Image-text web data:
--- START ---

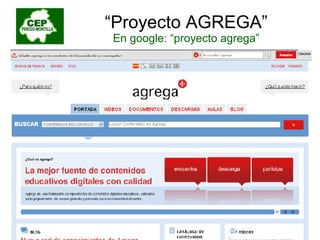 “ Proyecto AGREGA” En google: “proyecto agrega” 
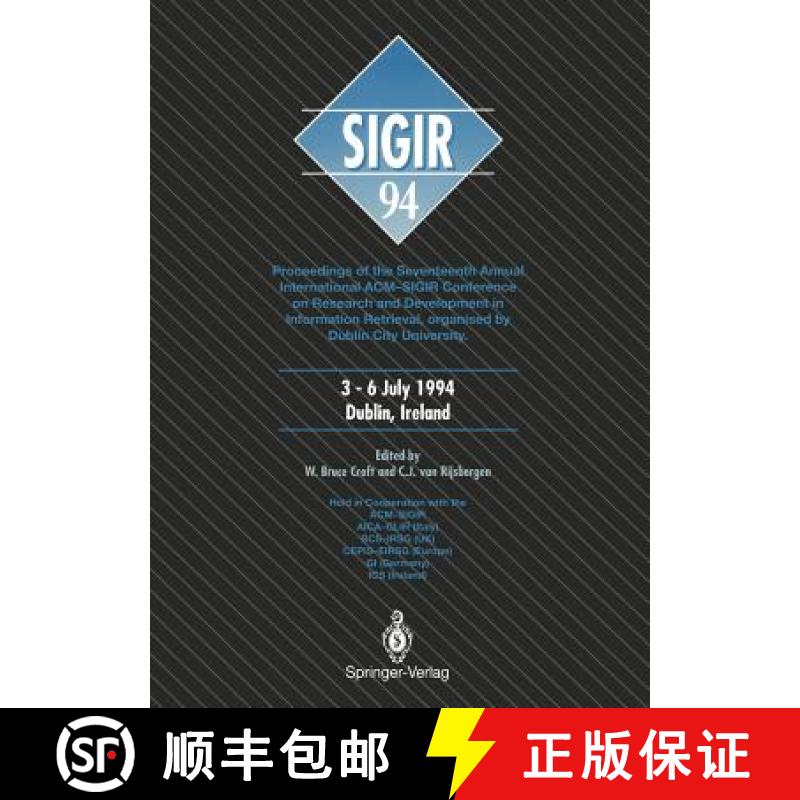 【3-4周达】SIGIR '94: Proceedings of the Seventeenth Annual International ACM-SIGIR Conference on Res... [9783540198895]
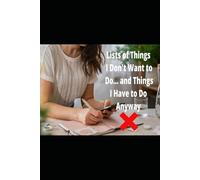 Lists of Things I Don't Want to Do... and Things I Have to Do Anyway: Perfect Gift Notebook & Journal with Lined Pages - Includes Birthday ... of Space to Note It Al(6"x9", 100 Pages)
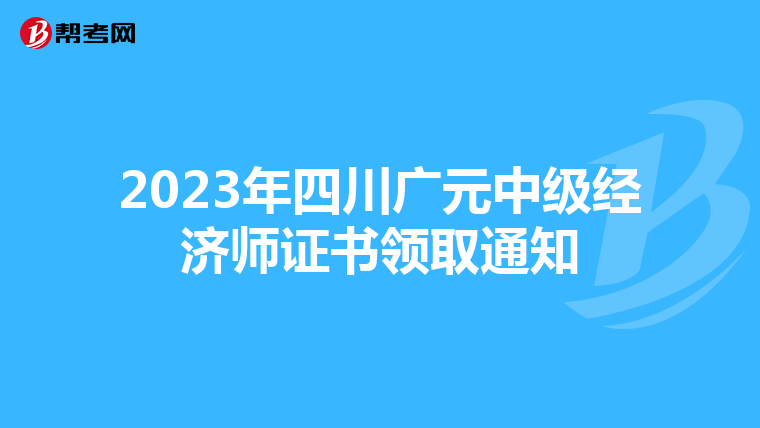 2023年四川广元中级经济师证书领取通知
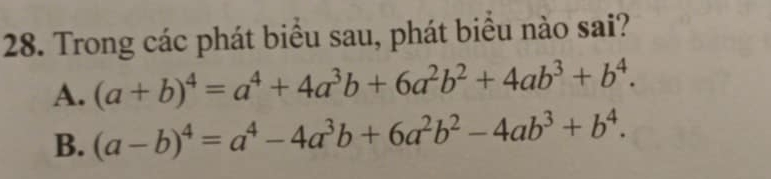 Trong các phát biểu sau, phát biều nào sai?
A. (a+b)^4=a^4+4a^3b+6a^2b^2+4ab^3+b^4.
B. (a-b)^4=a^4-4a^3b+6a^2b^2-4ab^3+b^4.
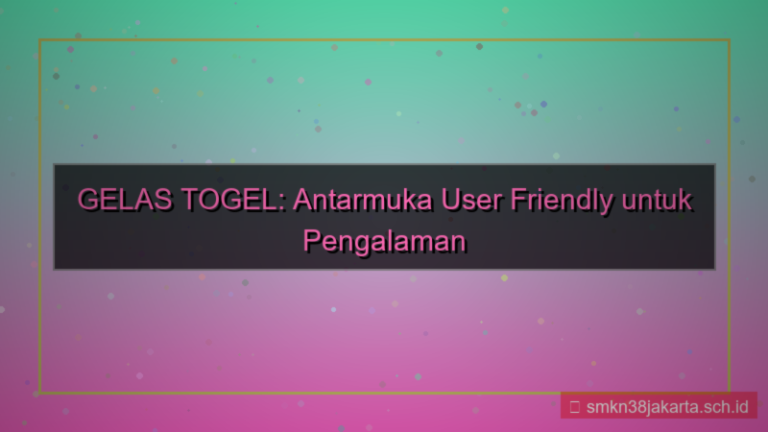 ilustrasi GELAS TOGEL antarmuka user friendly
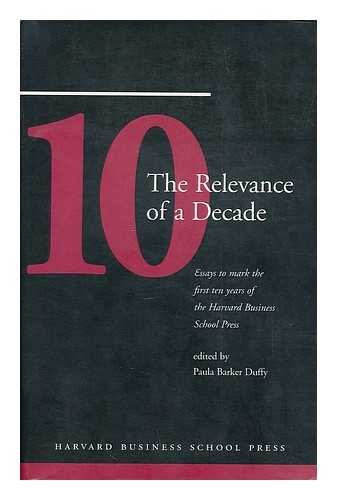 Beispielbild fr The Relevance of a Decade: Essays to Mark the First Ten Years of the Harvard Business School Press zum Verkauf von Wonder Book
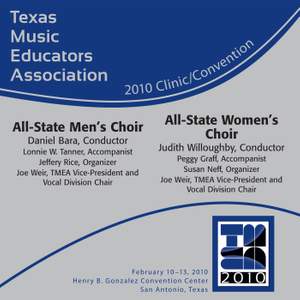 Texas Music Educators Association 2010 Clinic and Convention - All-State Men's Choir / All-State Women's Choir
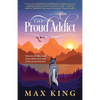 The Proud Addict: "Gain a new self-righteous grip on your sobriety and be proud of what you were born to be" - Paperback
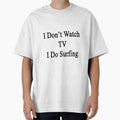 I Don't Watch TV I Do Surfing by supernova23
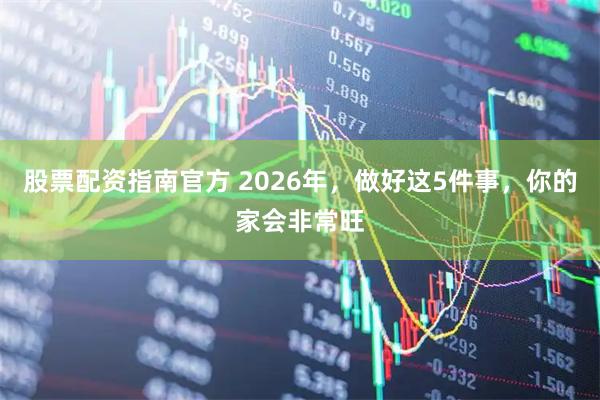 股票配资指南官方 2026年，做好这5件事，你的家会非常旺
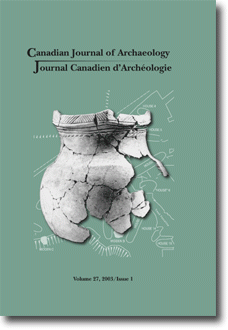 Journal canadien d'archéologie volume 27, numéro 1 Journal canadien d'archéologie volume 27, numéro 1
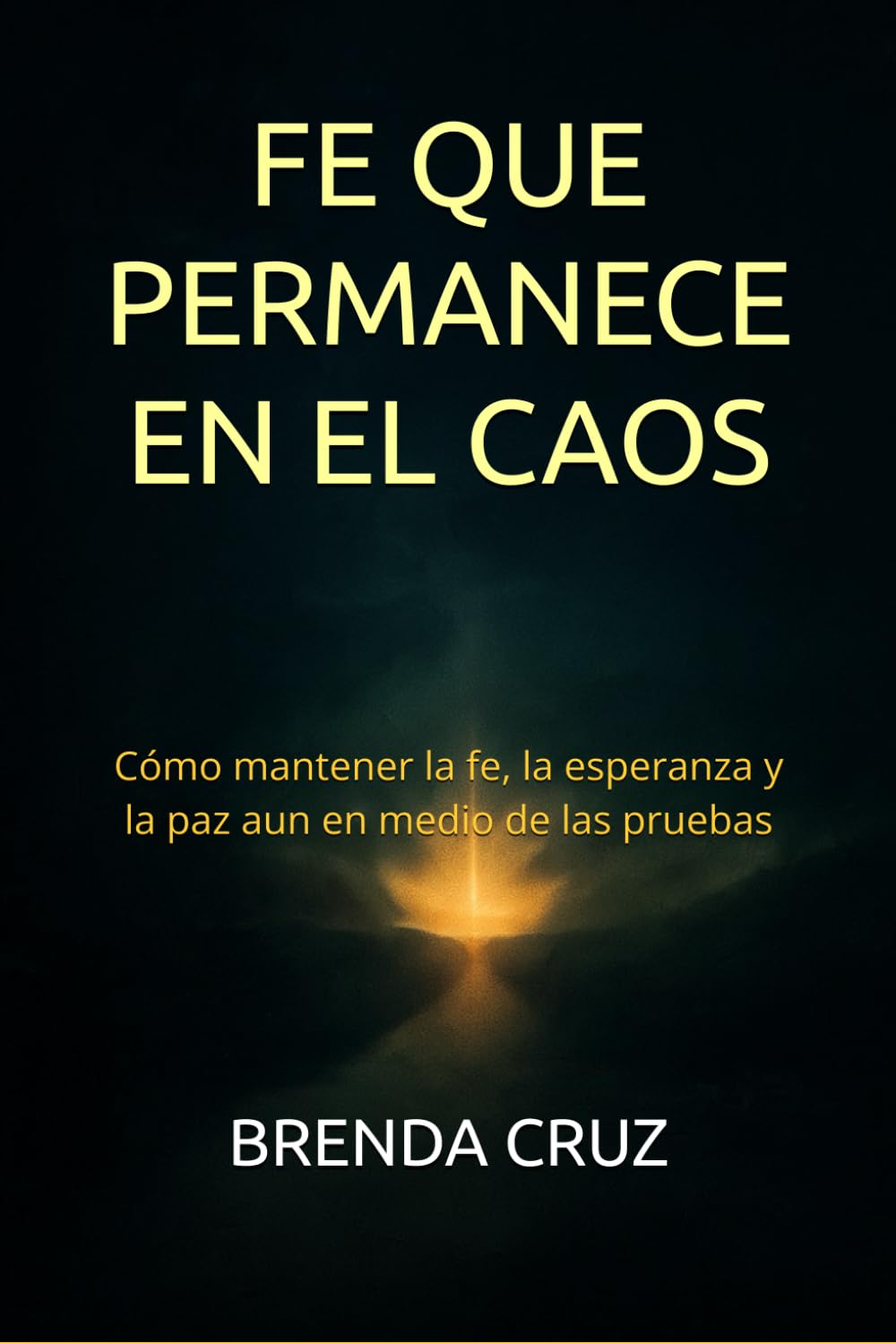 FE QUE PERMANECE EN EL CAOS: Cómo mantener la fe, la esperanza y la paz aun en medio de las pruebas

--- END ---

*Work to be completed*.
Go to the line above that has "on Res... [9783540198895]" and copy exactly from there down to the line that has "股票配资指南官方 2026年，做好这5件事，你的家会非常旺", both included. Leave the pictures out.

*Result of the task*.
 【3-4周达】SIGIR '94: Proceedings of the Seventeenth Annual International ACM-SIGIR Conference on Res... [9783540198895]
 Lists of Things I Don't Want to Do... and Things I Have to Do Anyway: Perfect Gift Notebook & Journal with Lined Pages - Includes Birthday ... of Space to Note It Al(6"x9", 100 Pages)
 2023年四川广元中级经济师证书领取通知
 Trong các phát biểu sau, phát biều nào sai?
A. (a+b)^4=a^4+4a^3b+6a^2b^2+4ab^3+b^4.
B. (a-b)^4=a^4-4a^3b+6a^2b^2-4ab^3+b^4.
 ilustrasi GELAS TOGEL antarmuka user friendly
 Beispielbild fr The Relevance of a Decade: Essays to Mark the First Ten Years of the Harvard Business School Press zum Verkauf von Wonder Book
 Texas Music Educators Association 2010 Clinic and Convention - All-State Men's Choir / All-State Women's Choir
 The Proud Addict: "Gain a new self-righteous grip on your sobriety and be proud of what you were born to be" - Paperback
 I Don't Watch TV I Do Surfing by supernova23
 股票配资指南官方 2026年，做好这5件事，你的家会非常旺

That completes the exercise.